Bien qu’elles travaillent dans des universités qui donnent des cours sur le libéralisme et la justice sociale, des personnes comme Angel Reyes et Josephine Sanchez n’ont pratiquement aucun recours contre les abus systémiques de l’appareil juridique qatari.

« C’est tout simplement inexcusable de la part d’un des pays les plus riches du monde qu’un si grand nombre de travailleurs migrants soient exploités d’une manière aussi impitoyable », a déclaré le secrétaire général d’Amnesty International, Salil Shetty, en novembre, suite à la publication d’un rapport intitulé, en anglais, « The Dark Side of Migration ».

« Notre enquête a dévoilé un niveau alarmant d’exploitation. »

 

Education City

Le projet Education City est financé par la Qatar Foundation, une institution fondée par Sheikha Moza Bint Nasser, mère de l’actuel émir du Qatar et l’une des épouses de l’ancien dirigeant du pays.

Ce complexe bordé d’une enceinte et situé dans la périphérie de Doha recèle des installations de pointe pour les étudiants les plus nantis.

Les universités occidentales touchent de véritables fortunes au Qatar en échange de la gestion des campus. Ce qui revient en quelque sorte à sous-traiter leurs prestigieuses enseignes pour procurer de la légitimité à ce que d’aucuns considèrent comme une dictature peu reluisante avec peu d’égard pour les droits des travailleurs.

D’après une source bien placée du campus de la Cornell University à Education City, au Qatar, entre 10 et 12% des recettes de la branche centrale de cette institution, à Ithaca, New York, proviennent directement du Qatar.

Ceci donne au gouvernement du Qatar un pouvoir d’influence considérable sur les décisions des universités, a fortiori dans le contexte de crise financière qui a sérieusement ébranlé la dotation des principales universités des États-Unis.

Le Qatar compte moins de 350.000 ressortissants nationaux et son PIB, estimé à 200 milliards de dollars US, repose principalement sur ses exportations de gaz naturel liquéfié et de pétrole vers l’Europe et l’Asie.

Avec une population de quelque deux millions d’habitants, au prorata du PIB par habitant le Qatar est aujourd’hui le pays le plus riche du monde.

Suite à la publication par les médias et les organisations de défense des droits humains d’une série de rapports dénonçant des violations flagrantes des droits des travailleurs, le Qatar a commencé à procéder à certaines réformes modérées dans un souci d’éviter toute mauvaise presse en prévision de la Coupe du monde de football de 2022.

« Là où nous logions, nous étions entassés à huit personnes par chambre », signale Reyes. « Puis un jour il y a eu une inspection de la Qatar Foundation et ils ont réduit le nombre à quatre personnes par chambre. »

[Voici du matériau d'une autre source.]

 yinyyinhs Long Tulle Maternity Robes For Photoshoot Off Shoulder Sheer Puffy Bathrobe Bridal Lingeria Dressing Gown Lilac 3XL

Selon elle, la peur de la mauvaise presse dans les médias étrangers a été à l’origine de cette relative amélioration des conditions de travail.

Des employés en sous-traitance travaillant à la Qatar Foundation ont indiqué à Equal Times que d’une manière générale, ils appréciaient leurs collègues et d’autres aspects de l’environnement de travail.

Tout ce qu’ils veulent, disent-ils, c’est qu’on leur donne ce qui leur avait été promis par les recruteurs avant de venir au Qatar – un salaire permettant de vivre plus ou moins dignement, des heures régulières et le droit de changer d’employeur si les conditions deviennent intolérables.

Alors que les yeux du monde entier sont rivés sur le Qatar et ses projets de modernisation et de construction pharaoniques en prévision de la Coupe du monde, les travailleurs d’Education City estiment qu’un changement est possible – pourvu que la communauté internationale maintienne la pression.

Car après tout, disent-ils, les bas salaires au Qatar ne sont certainement pas dus à un manque d’argent.

 

*Les noms des travailleurs ont été changés pour protéger leur identité. En vertu de la législation qatarie sur les médias, actuellement à l’état de projet, toute déclaration (vraie ou fausse) nuisant à la réputation commerciale d’une personne morale ou physique peut être considérée comme une infraction pénale.

 

 

Cet article a été traduit de l'anglais.